Die Bezeichnung Sekretionsstarre vermittelt den Eindruck, als würde bei den Betazellen immer mehr Glukose ankommen, und sie würden darauf nicht reagieren. Tun sie aber noch ganz ordentlich, und zwar genau dann, wenn die Glukose bei ihnen ankommt, wie das Absinken von Stunde 1 nach 2 um 100mg/dl zeigt.
Gesund wird der größte Teil des Insulins für neu einverleibte Glukose nicht durch die Glukose selbst bestellt, die ja erst nach nem vollen Körperumlauf bei den Betas ankommen und Insulin bestellen kann, sondern durch Darmhormone, die Inkretine. Die bestellen passend zur Übergabe der Glukose aus dem Darm die zugehörige Menge Insulin, so dass sich die Glukose und ihr Insulin in der Pfortader auf dem kurzen Weg in die Leber treffen und darin sofort zu größten Teil verwurstet werden.

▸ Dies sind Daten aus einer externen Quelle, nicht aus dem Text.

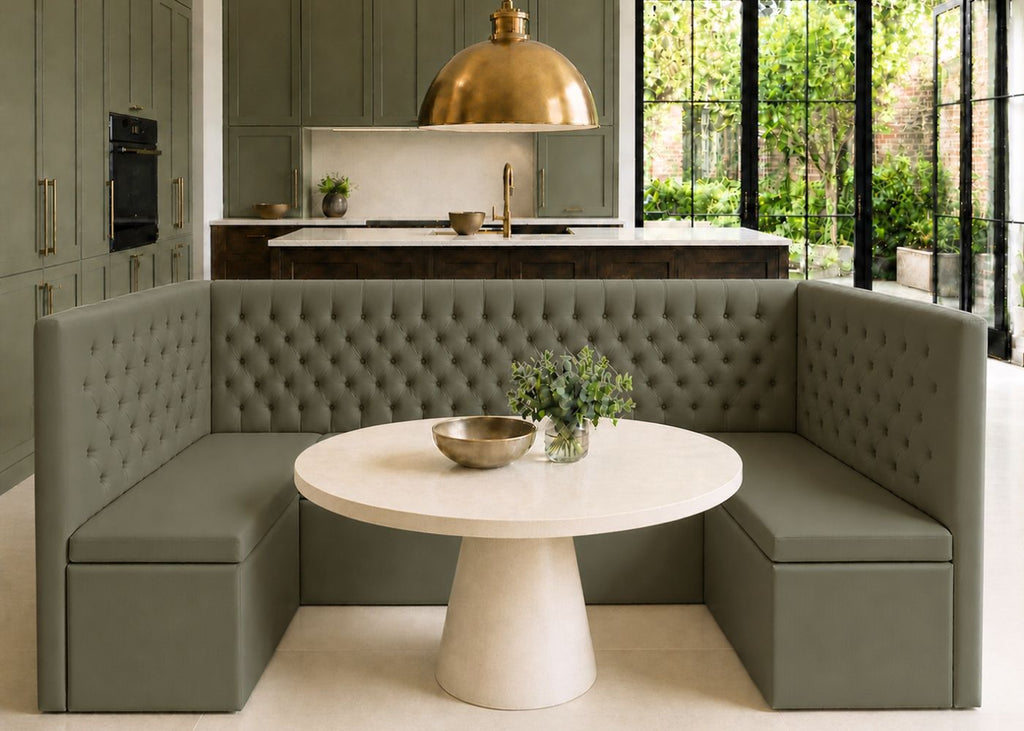 Mayfair U Shape Buttoned Banquette Seating | Moss Colourway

Die Messwerte oben sagen schlicht und einfach Diabetes. Denn der neueste Diagnose-Grenzwert ist die 200mg/dl-Marke. Wird sie an aufeinanderfolgenden Tagen zu beliebigen Zeiten überschritten, ist Diabetes.
Bisdann, Jürgen -
am 09.05.2014 19:54:15
hjt_Jürgen schrieb:
Die Messwerte oben sagen schlicht und einfach Diabetes. Denn der neueste Diagnose-Grenzwert ist die 200mg/dl-Marke. Wird sie an aufeinanderfolgenden Tagen zu beliebigen Zeiten überschritten, ist Diabetes.
Bisdann, Jürgen
muss man nicht auch berücksichtigen, was gegessen wird? die 200 knacke ich nach einem stresstest, aber nicht nach normalem essen. auch nicht mit viel kh. dieses zuckerwasser geht halt brutal schnell ins blut, was aber kein normalfall ist. ich kann ja mal einen test mit schwarzwälder kirschtorte machen. bin mir aber sicher, dass ich da nicht die 200 überschreite. demnach würde man bei mir sicherlich schwierigkeiten haben, an mehreren aufeinander folgenden tagen höher 200 zu messen (wenn nicht gezielt und massiv gestresst wird).
aber wie dem auch sei, für mich ist nur interessant, dass etwas "kaputt" ist und damit ist es für mich praxisrelevant. ob dabei eine offizielle diagnoseschwelle gerissen wird oder nicht, ist unerheblich, wie ich bereits vielfach angemerkt habe. also weiter sport und gesunde, bewusste ernährung, keine stresstests mehr! -
am 09.05.2014 20:24:02
Wenn Du statt der Torte 2 normale (nicht Spar-) Brötchen mit Kirschmarmelade isst, könntest Du wahrscheinlich schon die 200 ne Stunde weiter knacken.
An Deiner Stelle würd ich mal schauen, mit welchen Portionen von was mein BZ unter 140 in der Spitze etwa ne Stunde weiter bliebe, und mich halt danach richten.
Daumendrück, Jürgen -
Gast
Rang: Gastam 09.05.2014 20:44:24
purea schrieb:
hjt_Jürgen schrieb:
Die Messwerte oben sagen schlicht und einfach Diabetes. Denn der neueste Diagnose-Grenzwert ist die 200mg/dl-Marke. Wird sie an aufeinanderfolgenden Tagen zu beliebigen Zeiten überschritten, ist Diabetes.
Bisdann, Jürgen
muss man nicht auch berücksichtigen, was gegessen wird? die 200 knacke ich nach einem stresstest, aber nicht nach normalem essen. auch nicht mit viel kh. dieses zuckerwasser geht halt brutal schnell ins blut, was aber kein normalfall ist. ich kann ja mal einen test mit schwarzwälder kirschtorte machen. bin mir aber sicher, dass ich da nicht die 200 überschreite. demnach würde man bei mir sicherlich schwierigkeiten haben, an mehreren aufeinander folgenden tagen höher 200 zu messen (wenn nicht gezielt und massiv gestresst wird).
aber wie dem auch sei, für mich ist nur interessant, dass etwas "kaputt" ist und damit ist es für mich praxisrelevant. ob dabei eine offizielle diagnoseschwelle gerissen wird oder nicht, ist unerheblich, wie ich bereits vielfach angemerkt habe. also weiter sport und gesunde, bewusste ernährung, keine stresstests mehr!
Also Purea
Du bist mir wirklich ein Rätsel; du bettelst doch hier seit Wochen förmlich darum Diabetikerin zu sein, nun sagt Dir endlich jemand dass Du es geschafft hast und dass ist dann auch wieder verkehrt?; also aus Dir würde ich gerne mal schlau werden.